# Torpedo level



## 99cents (Aug 20, 2012)

I was using a little Empire billet level and loved it. It had super strong magnets. Then it got lost (maybe dropped it in the snow  ).

Anyway, before I buy another, what do you guys use?


----------



## Dennis Alwon (May 9, 2009)

Why would you get anything else if you love that one. That is similar to mine except mine sucks and has no magnet-hahaha. We'll let's say the magnet stinks.


----------



## TGGT (Oct 28, 2012)

I use the one in the OP, even though it supports communist China.

Sent from my SM-G930T using Tapatalk


----------



## 99cents (Aug 20, 2012)

Dennis Alwon said:


> Why would you get anything else if you love that one. That is similar to mine except mine sucks and has no magnet-hahaha. We'll let's say the magnet stinks.


I dunno. I'm a tool freak. I see digital levels with lasers, blah, blah, blah. Is there an advantage or am I buying a more expensive level to get lost in the snow?


----------



## Bird dog (Oct 27, 2015)

99cents said:


> I was using a little Empire billet level and loved it.
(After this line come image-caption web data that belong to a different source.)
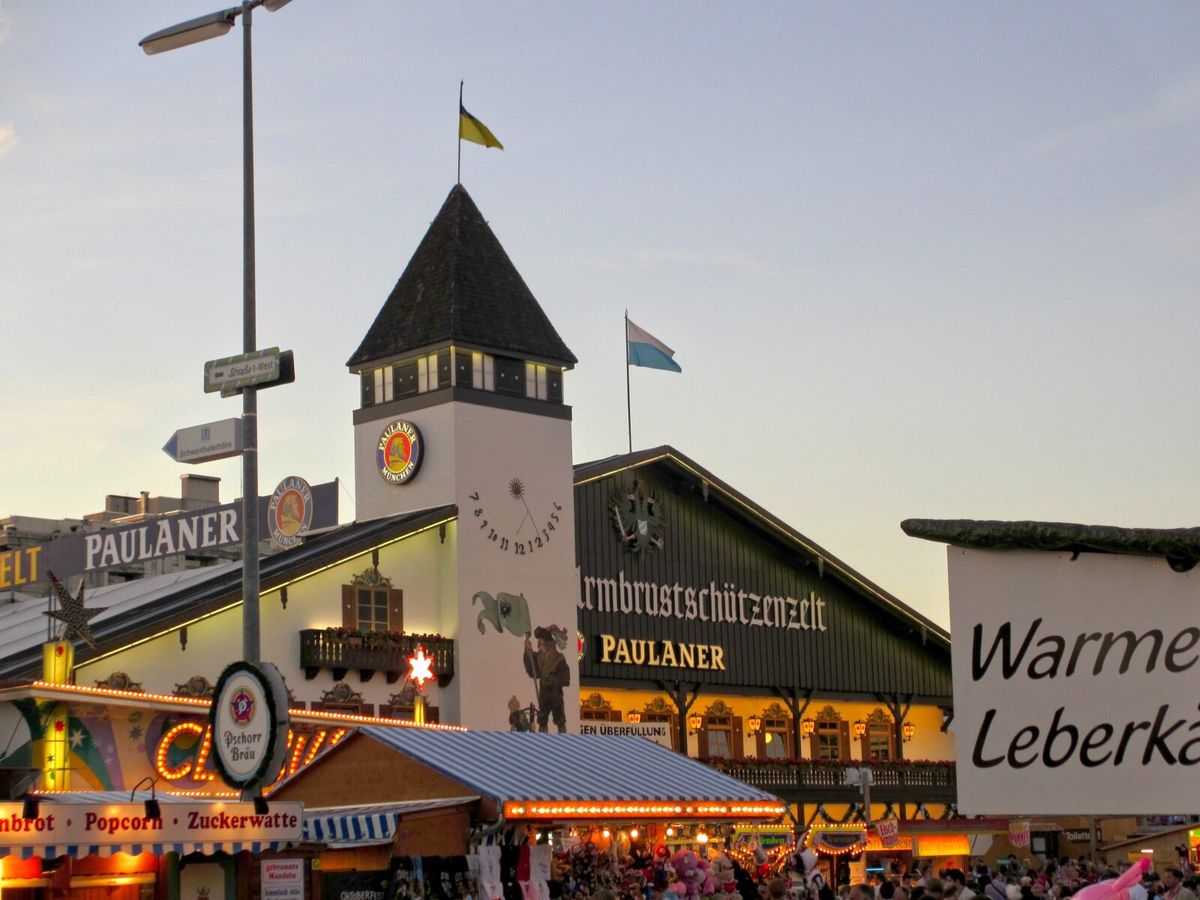 Armbrustschützenzelt auf der Wiesn bei Abenddämmerung, daneben ein Wegweiser zur U-Bahn Schwanthalerhöhe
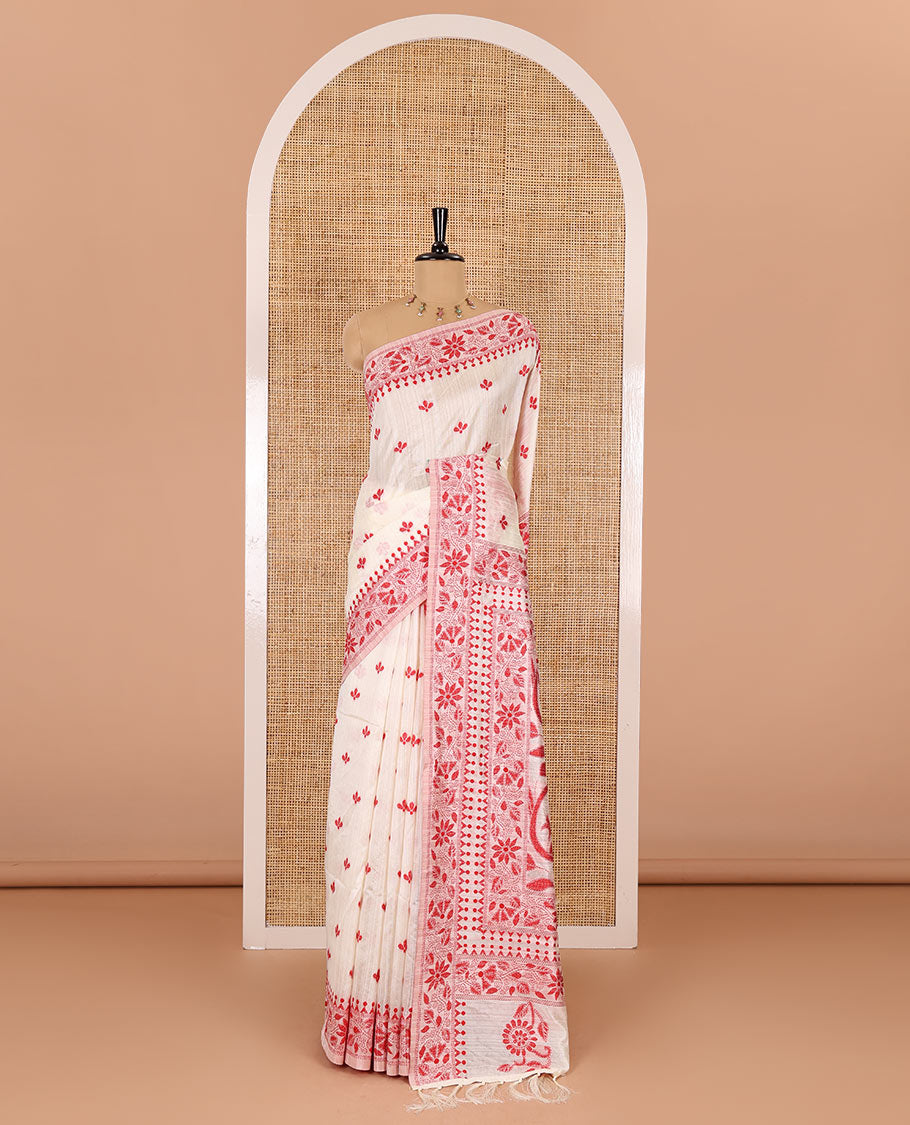 Half-white and red floral thread buttas woven jute cotton saree, floral thread weave border, floral-paisley weave pallu, and a matching blouse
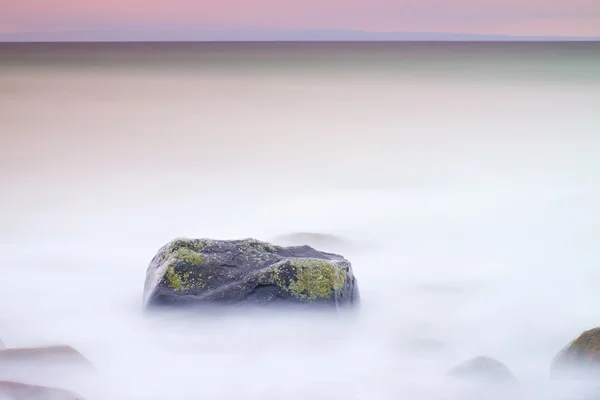 海の静かな朝でロマンチックな雰囲気。大きな岩が滑らかな波状の海から突き出ています。ピンクの地平線 — ストック写真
 Just buy a replacement at HD or Amazon. :smile:
https://www.homedepot.com/p/Empire-...PIPHorizontal2_rr-_-203811785-_-205846325-_-N
https://www.amazon.com/s/ref=nb_sb_ss_i_2_12?url=search-alias%3Daps&field-keywords=billet+level+magnetic&sprefix=billet+level%2Caps%2C179&crid=381F8HM3RGL0T

No batteries to keep up with.


----------



## 99cents (Aug 20, 2012)

Okay, I'm convinced.


----------



## bostonPedro (Nov 14, 2017)

I use a No Dog level. I don't think they make the torpedo levels anymore though just no dogs. Shame too, strong magnets with 5 vials. You could pick from a collection of colors, have it engraved for cheap money, level and plumb of course and any 3 angles you wanted with the cosecant engraved under the vial. Takes a beating and is very accurate.
I have 2. Both have level and plumb but one has 22.5, 30, and 45 degree vials and the other has 15, 22.5 and 30 degree vials. Great for conduit bending not to mention the typical applications where we a use a torpedo level. 
Founder passed away a few years ago and his kid is ruining the company by only making the offset levels.


----------



## TGGT (Oct 28, 2012)

bostonPedro said:


> I use a No Dog level. I don't think they make the torpedo levels anymore though just no dogs. Shame too, strong magnets with 5 vials. You could pick from a collection of colors, have it engraved for cheap money, level and plumb of course and any 3 angles you wanted with the cosecant engraved under the vial. Takes a beating and is very accurate.
> I have 2. Both have level and plumb but one has 22.5, 30, and 45 degree vials and the other has 15, 22.5 and 30 degree vials. Great for conduit bending not to mention the typical applications where we a use a torpedo level.
> Founder passed away a few years ago and his kid is ruining the company by only making the offset levels.


The one glaring thing I didn't like about the torpedo level was that there was no windows to see the vials from above, you had to view it from the side.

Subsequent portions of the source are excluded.